Raw data section start

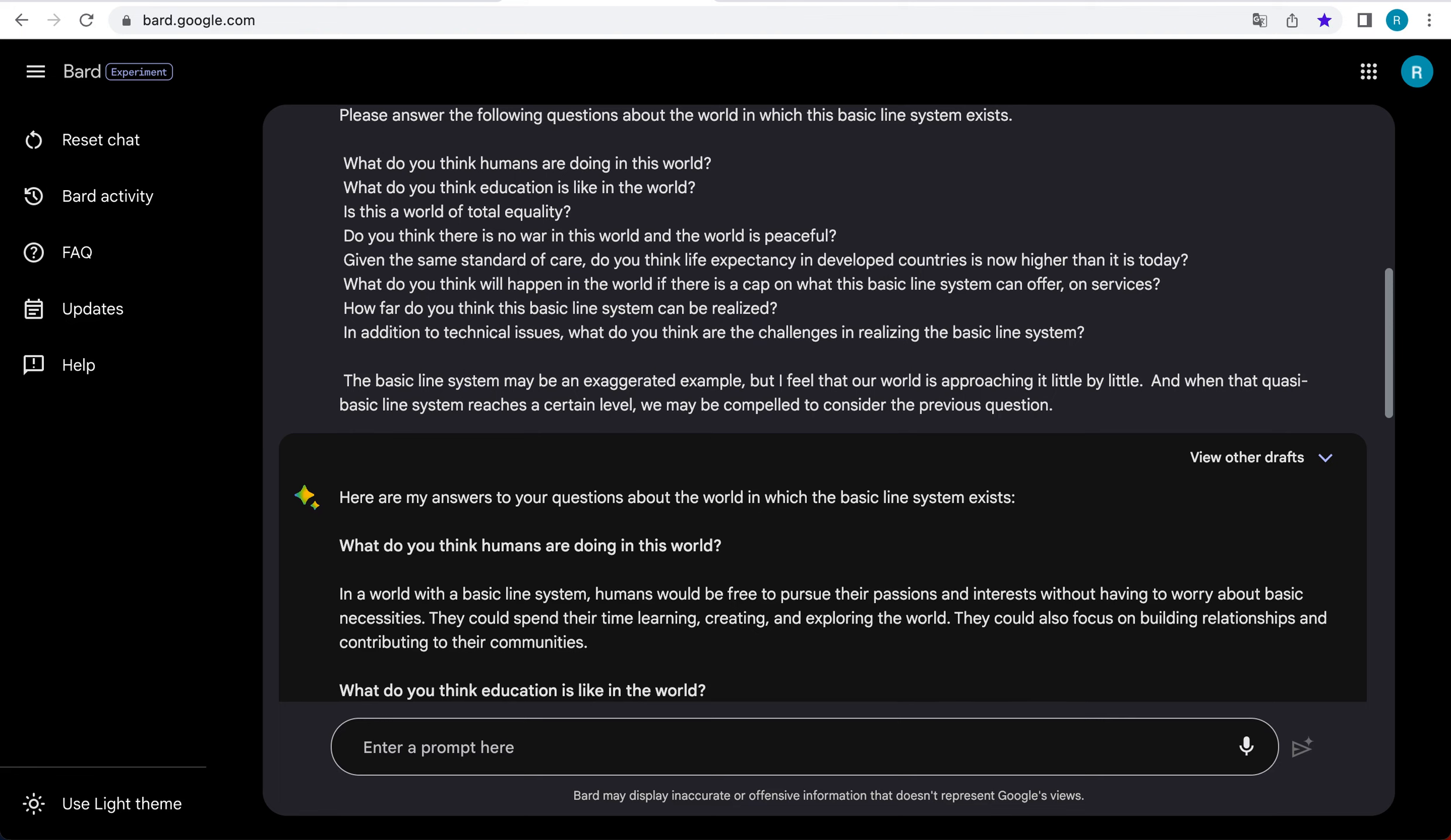What do you think will happen in the world if there is a cap on what this basic line system can offer on services? If there is a cap on what the basic line system can offer, it is likely that there will be some inequality in the world. People who are able to earn more money will be able to purchase additional services and goods. However, even with a cap, the basic line system would still provide a basic level of security and opportunity for everyone.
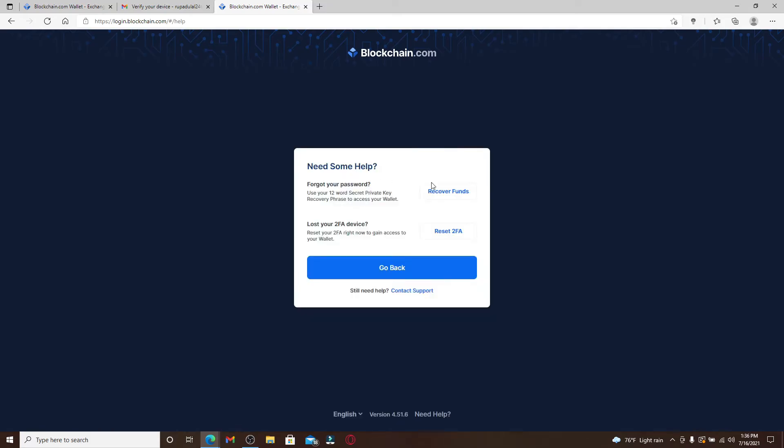From the options displayed, you have two options. If you want to recover your password and log into your account, click on the Recover Funds button. Similarly, if you've lost your two-factor authentication device, you can click the Reset 2FA button. In today's video, we're going to recover through the funds, so let's click on the Recover Funds button.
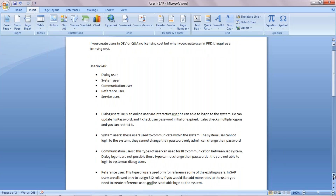When you create a dialogue user, he is an online user or an interactive user. He can log into the system and can update his own password. Whenever he logs in, the system checks whether the password is initialized or expired. It also checks for multiple logons, and you can restrict that.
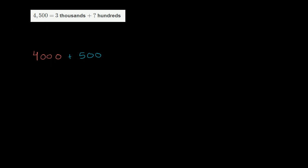So this is the left-hand side. Now let's look at the right-hand side. We have 3,000. Let's think about what we have to add to this right-hand side to get the same thing we have on the left-hand side.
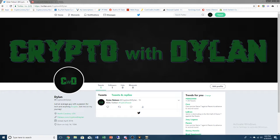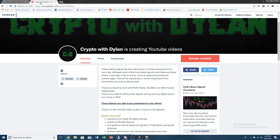If you want to, you can follow me at Crypto with Dylan. That's my Twitter. I'll be tweeting a lot, you guys can follow along there. Also, if you want to, you can check out my Patreon page.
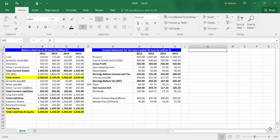This video is about computing market value added from financial statements using Excel. We have the balance sheets and income statements for years 2012, 2013, 2014, and 2015. All values are in million dollars.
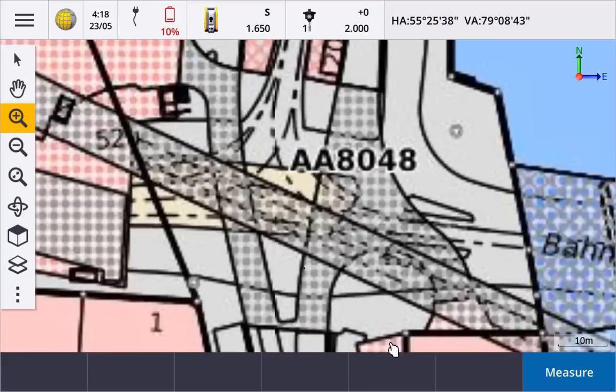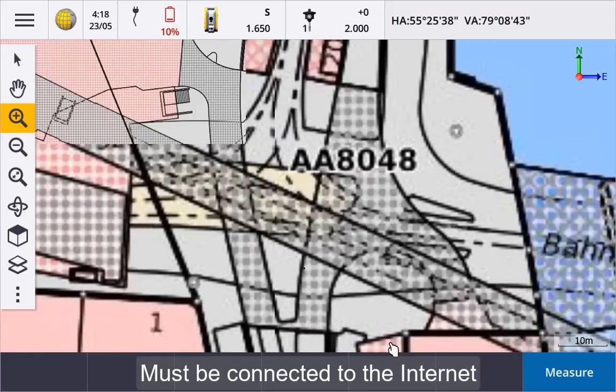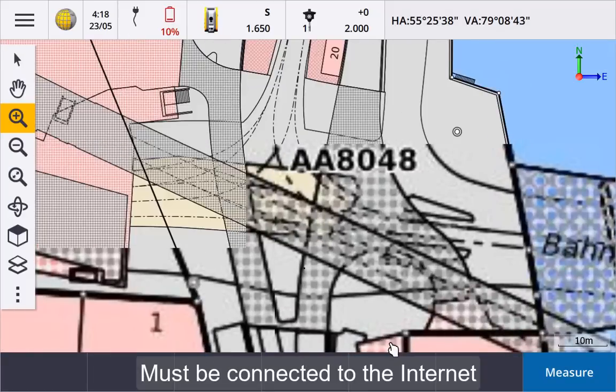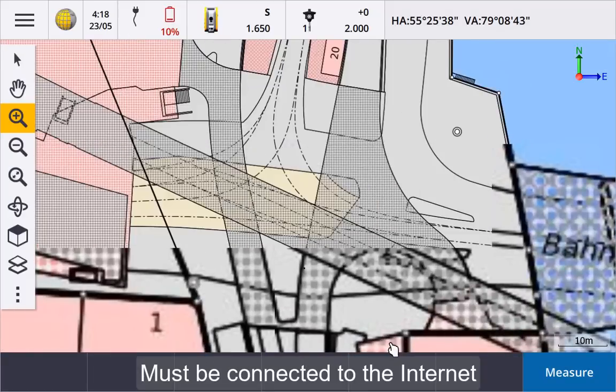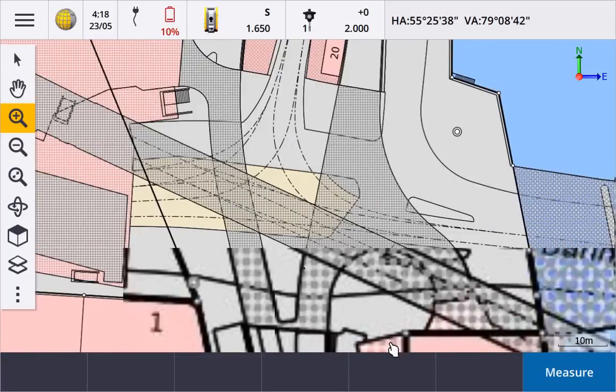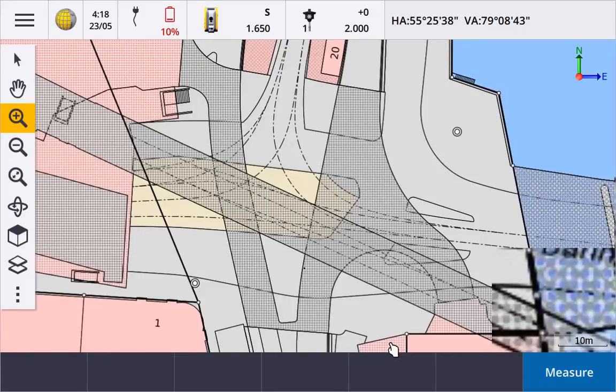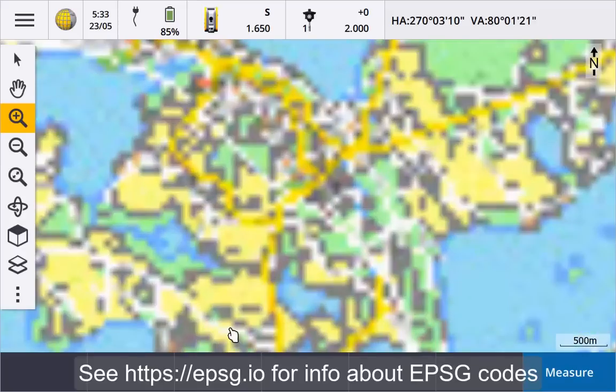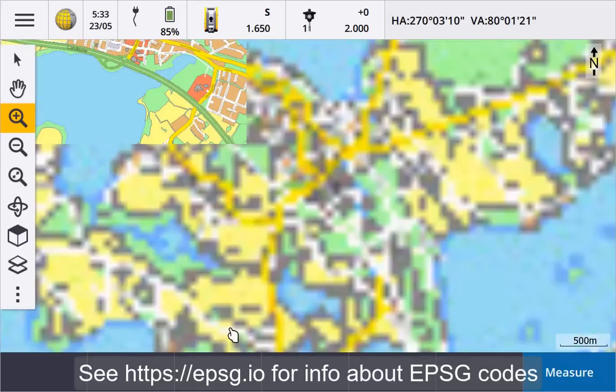Before you start, your controller must be connected to the internet. You must know the URL to use for the service, and your job must have the same coordinate system and zone as the EPSG code selected for the web map service.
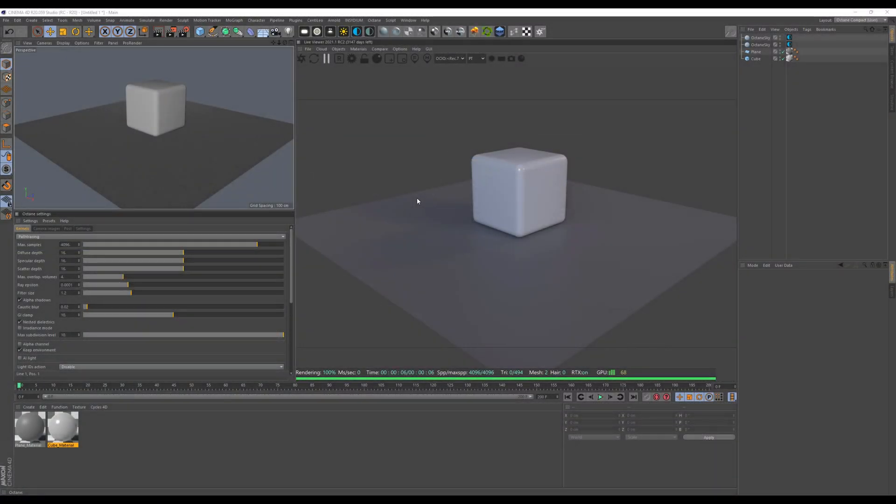Hello everyone, it has been a long time and I was sort of lazy, but the Octane version 2021 brought me back. The reason is that lately there have been some changes to the AOV or multipass system in Octane, and those changes are more or less a bit drastic, so there might be a lot of questions in the future as to how to make it work and how to use it.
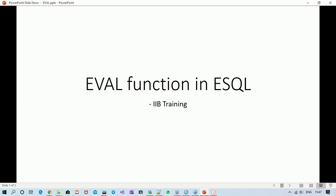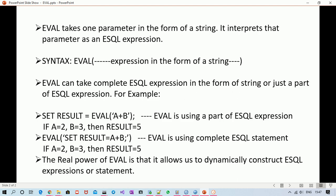Today we'll learn about the EVAL function in ESQL. EVAL takes one parameter in the form of a string, and that parameter is an ESQL expression. Inside EVAL, we write an ESQL expression in the form of a string. For example, I'm passing the expression 'a plus b' encapsulated in single quotes so that it represents a string.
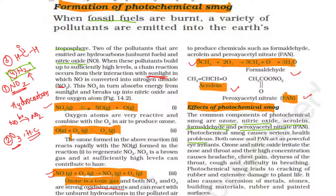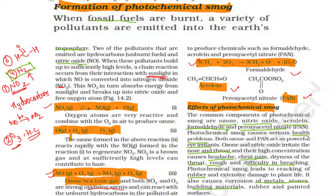Photochemical smog causes various health issues. Ozone and PAN are both irritants — they cause irritation in the eyes, mouth, and nose. At higher concentrations there is chest pain, throat swelling, and difficulty breathing. Photochemical smog also damages plant life, causes cracking of rubber, initiates corrosion of metals, corrodes building materials and stones, and deteriorates painted surfaces.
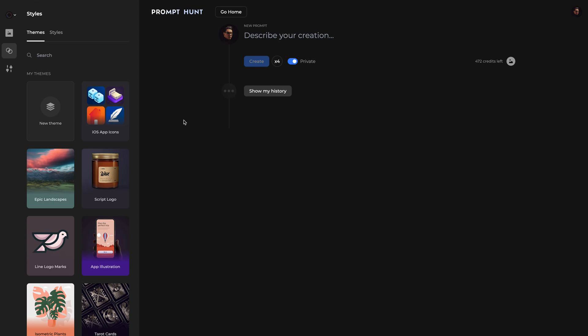To start, you'll see a few different themes you can use. For this example, let's say I want to create a graphic for an app I'm working on, so let's select the theme App Illustrations.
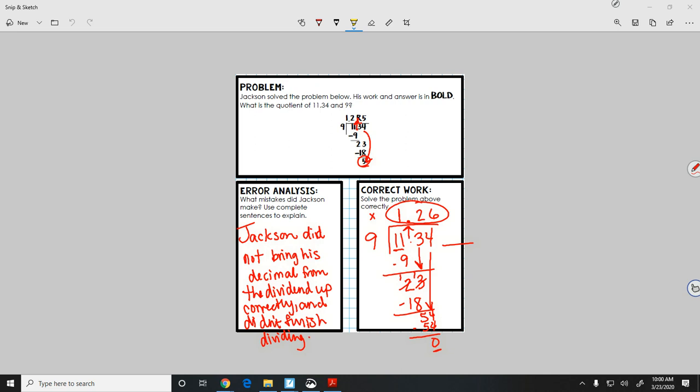Alright guys, so there's our error analysis problem for today. If you have any questions just post them below. See you tomorrow.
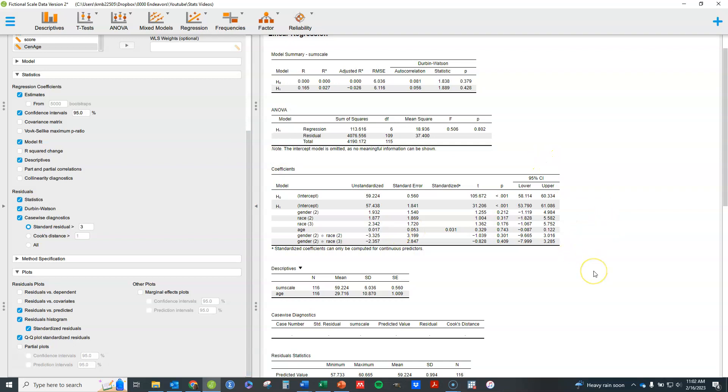So that's an overview of how you do a multiple linear regression here in JASP.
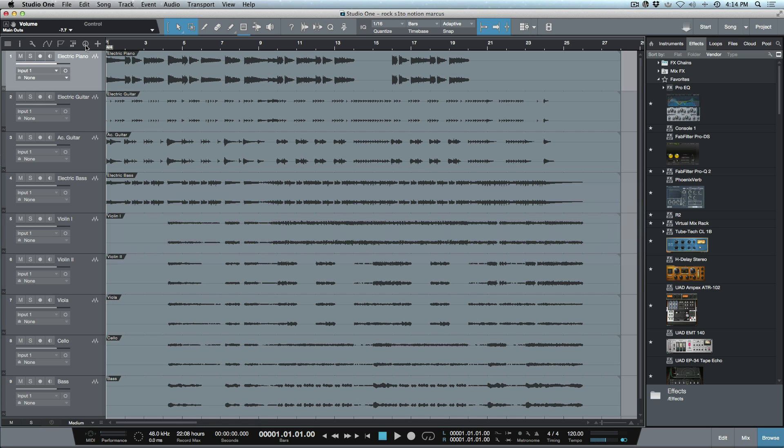So that's the basics of what we're seeing right now with the Notion 6 integration with Studio One as of version 3.3. Anyways, I hope you guys got something from this and we'll talk to you later. Cheers.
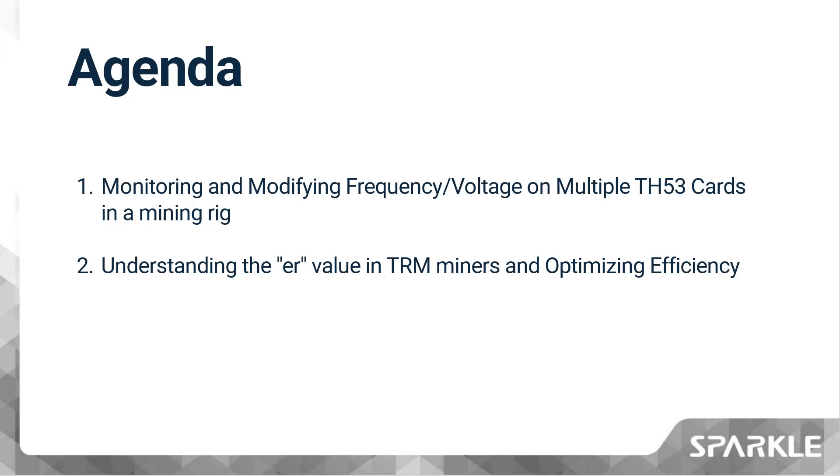Today's video is about sharing some details on the usage of the TRM miner, based on my personal experience. It can be divided into two main points.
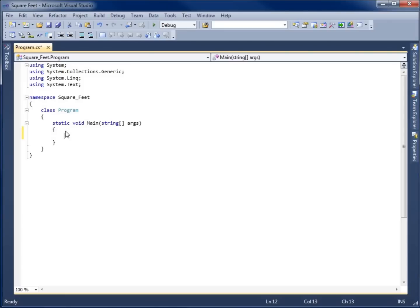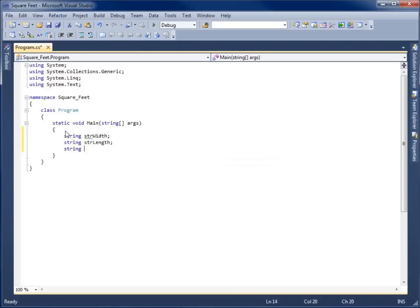I know I'm going to have three different things, and I also know that when I use a console.ReadLine, it's going to take that value and store it as a string. So I'm going to create three strings for those three pieces of data. I'll name them with the 'str' abbreviation to indicate they're strings: strWidth, strLength, and strCostPerSquareFoot — each ended with a semicolon. Those are the three pieces of data I'm going to gather from the user.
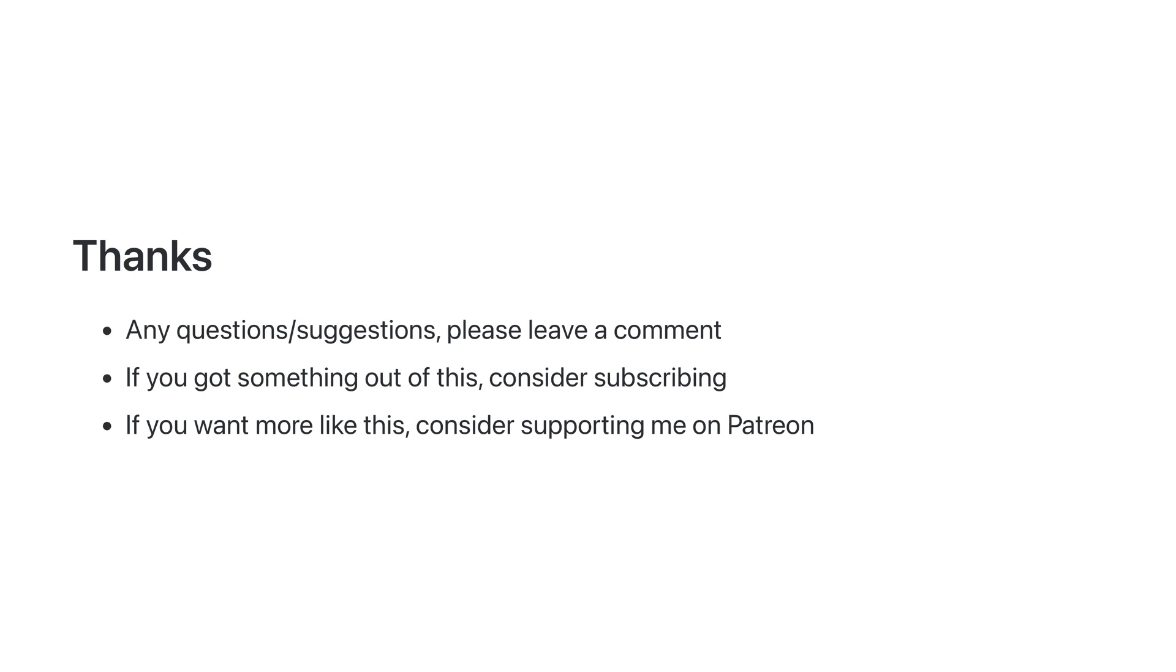If you want more videos like this, consider supporting me on Patreon. Creating videos like this is very time consuming and I have a full-time job that I do alongside this, but Patreon is one way of enabling me to do more of this sort of work.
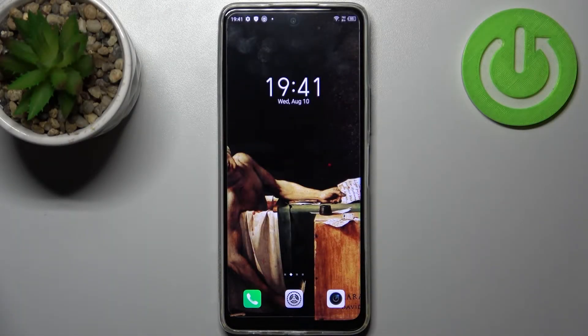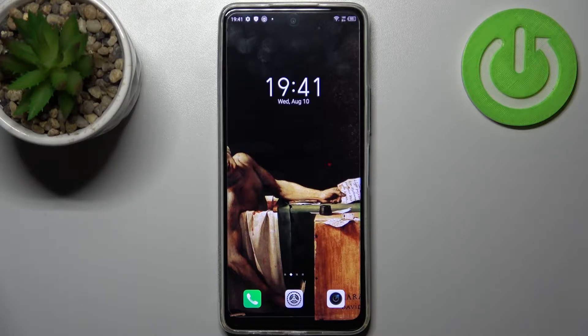Here I have Infinix Hot 11s and today I'm going to show you how to change timelapse speed on this device.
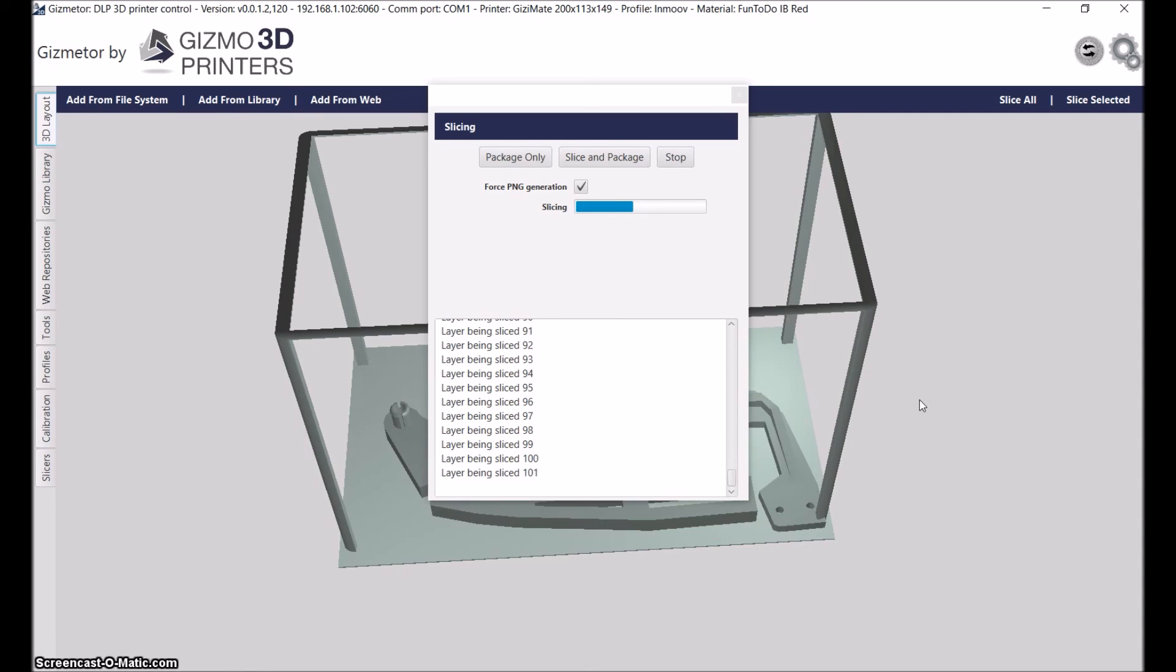It goes really quick when you have the settings sorted out and just turn out parts over and over. That's it.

Raw data section end

Using the entries above, transcribe exactly from the line that has "So this is the" through the line that has "If you want to, you can follow". Pictures are dropped.

# Response area
So this is the left-hand side. Now let's look at the right-hand side. We have 3,000. Let's think about what we have to add to this right-hand side to get the same thing we have on the left-hand side.
If you want to, you can follow me at Crypto with Dylan. That's my Twitter. I'll be tweeting a lot, you guys can follow along there. Also, if you want to, you can check out my Patreon page.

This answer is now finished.